A report by Chinese state TV claimed the PLA Air Force flew the bomber near India’s territory but experts say unlikely it was flown in the area any time recently
New Delhi: On 11 November, Chinese state broadcaster CCTV reported that the People’s Liberation Army Air Force (PLAAF) flew an H-6K bomber near the border with India. The report was also shared by other Chinese and Indian news media outlets.
In a show to mark PLA Air Force’s 72nd anniversary, CCTV aired footage of an H-6k flying over a mountain range claiming that the aircraft had been sent to the Himalayas.
According to reports, the Chinese bomber was armed with KD-63 land attack cruise missiles with a range of 200 km. A report by the South China Morning Post quoted experts as saying that the alleged deployment was “definitely a warning to India”.
“New Delhi is within the combat range of the H-6k and the striking range of CJ-20”, the report quoted Macau-based Military observer Antony Wong.
Another former PLA instructor was quoted as saying, “China will not attack civilian areas, so Delhi will not be targeted by air-launched missiles even though the capital is quite close to the border”.
However, scholar and columnist Aadil Brar shared the CCTV’s images on Twitter, saying it is “unlikely that the H-6K was flown in the area any time recently. The backdrop has far less snow for a November in the Himalayas.”

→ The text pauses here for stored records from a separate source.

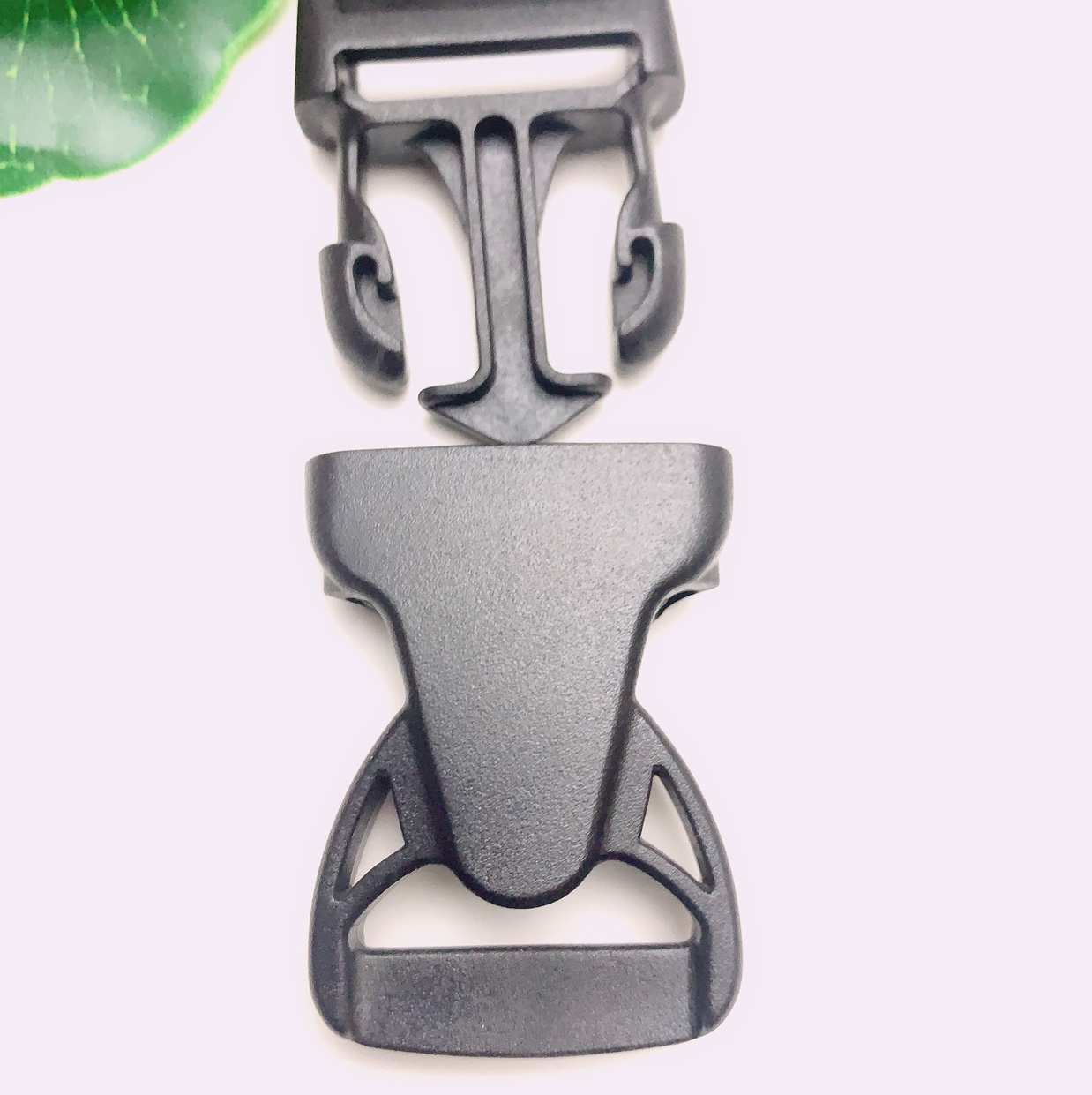 2.5 cm lobster clasp Item Picture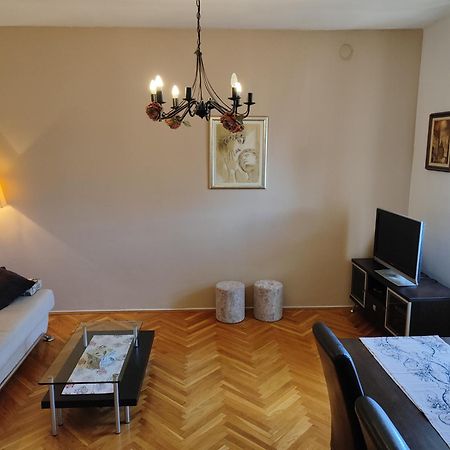 Kolovare Beach Apartment & Free Parking Задар Екстер'єр фото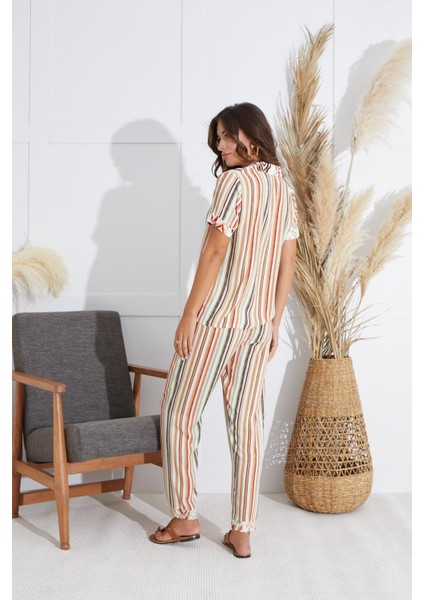 Kadın Kısa Kol Önden Düğmeli Çizgili Pijama Takım C5T3N5O51 fırsatları
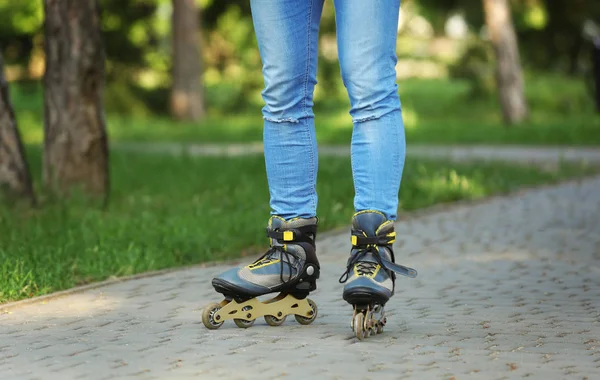 Hombre patinaje sobre ruedas en el parque de verano, primer plano de las piernas —  Fotos de Stock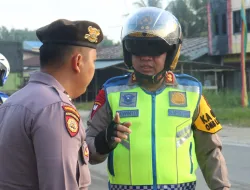 Kapolres Pelalawan Turun ke Jalan, Edukasi Masyarakat untuk Tertib Berlalu Lintas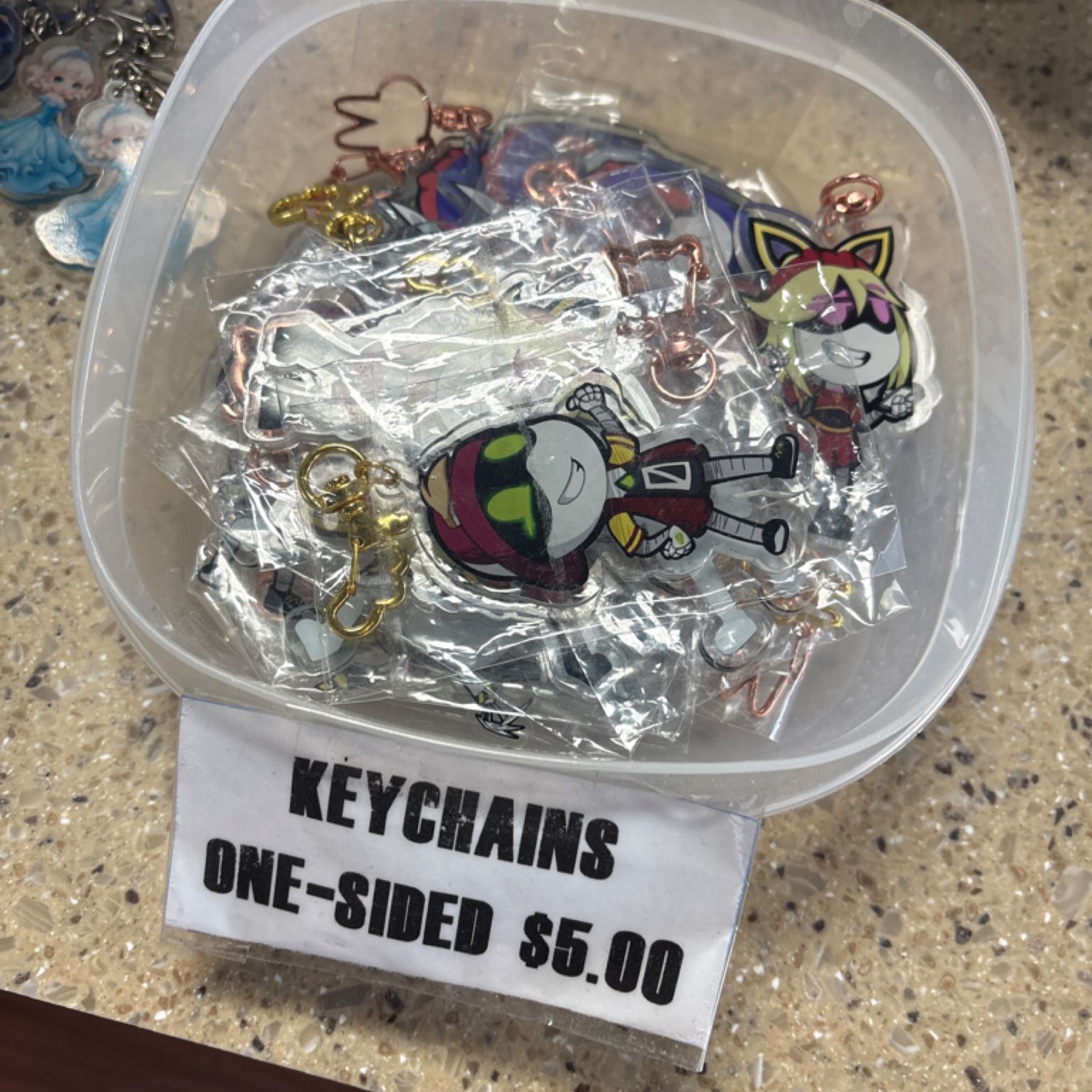 Krona 5 dollar keychains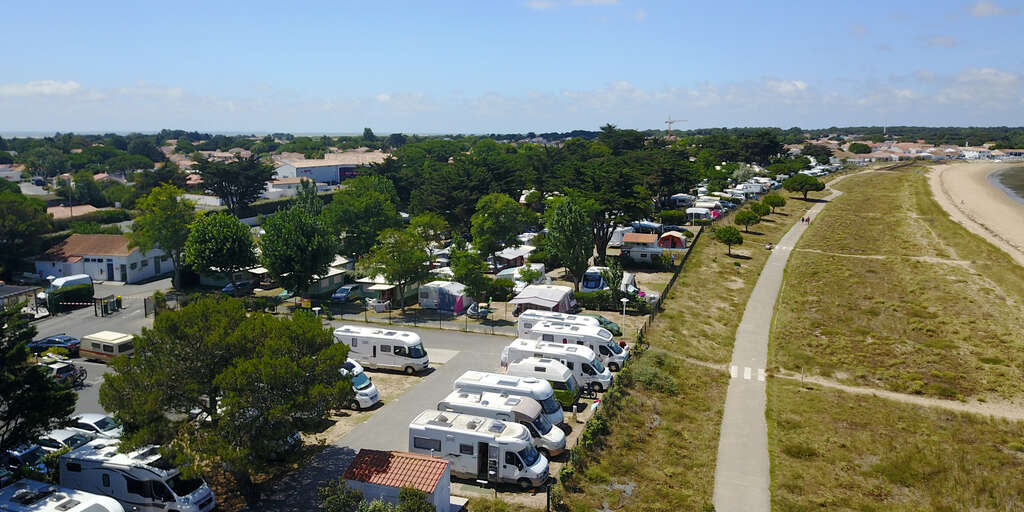Aire de stationnement camping-cars Le Platin à Rivedoux-Plage. — photo 5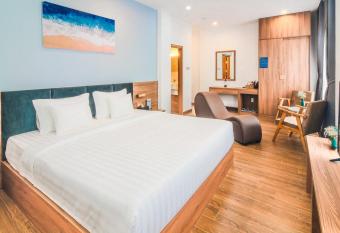 Grand Lee Hotel allows 18 year olds to book a room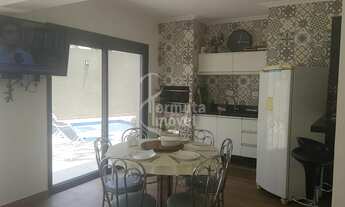 Imagem 3: Casa com 270m², 2 suítes, espaço gourmet e piscina no Residencial 04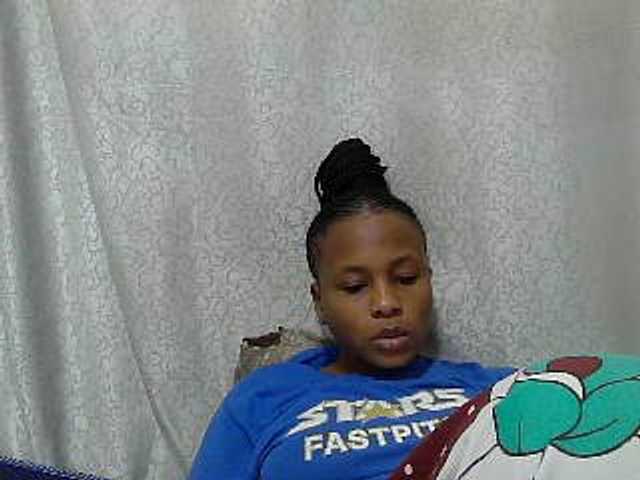 Caroldoly live cam on BongaCams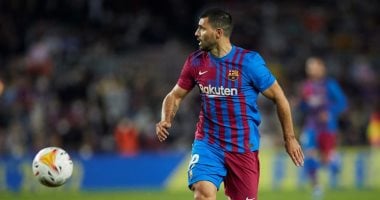 أجويرو يقرر مقاضاة برشلونة.. اعرف السبب
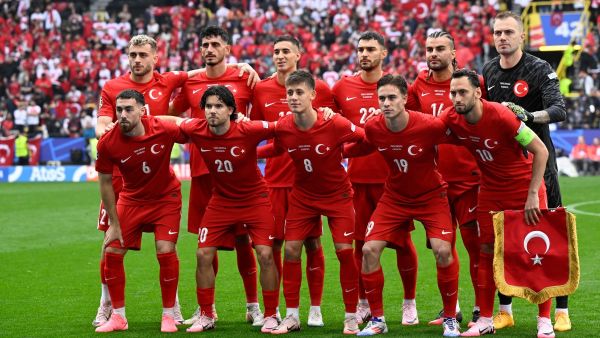 Turkey's players pose ahead of the UEFA Euro 2024 Group F football match between Turkey and Georgia at the BVB Stadion in Dortmund on June 18, 2024. (Photo by INA FASSBENDER / AFP)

A Twitter user Kyang Thang, aware of the Tibetan geography, said the footage of the bomber is from the uninhabited region in Amdo called Hoh Xil/ Achen Ganggye, which is one of the three traditional regions of Tibet. The user also shared a picture of the landscape of the region, which looks similar to the one shown in the CCTV footage.
A simple Google map search shows that the area is quite far from the India-China border.
“Though the analysis posted by the Twitter handle does suggest the images were from Amdo it still doesn’t entirely discount that Chinese PLA has the capability to fly an H-6K near the border. China, of course, uses information warfare strategy to obfuscate but at times such a strategy is meant for a domestic audience,” Aadil Brar said.
“It’s China’s usual information warfare that we have seen since the beginning of border stand-off. But the bomber definitely can demonstrate the capability to fly close to the border if required,” he added.
Not The First Time
This isn’t the first time that China has been called out for sharing fake news.
Last year, images of a red trench club wrapped with barbed wires from shopping portals were used to spread fake news that such tools were used during the India-China Galwan valley face-off.
China had also shared a photo of inflated balloons disguised as missile launchers for HQ-16 Surface to Air Missile, which the CCTV had later removed.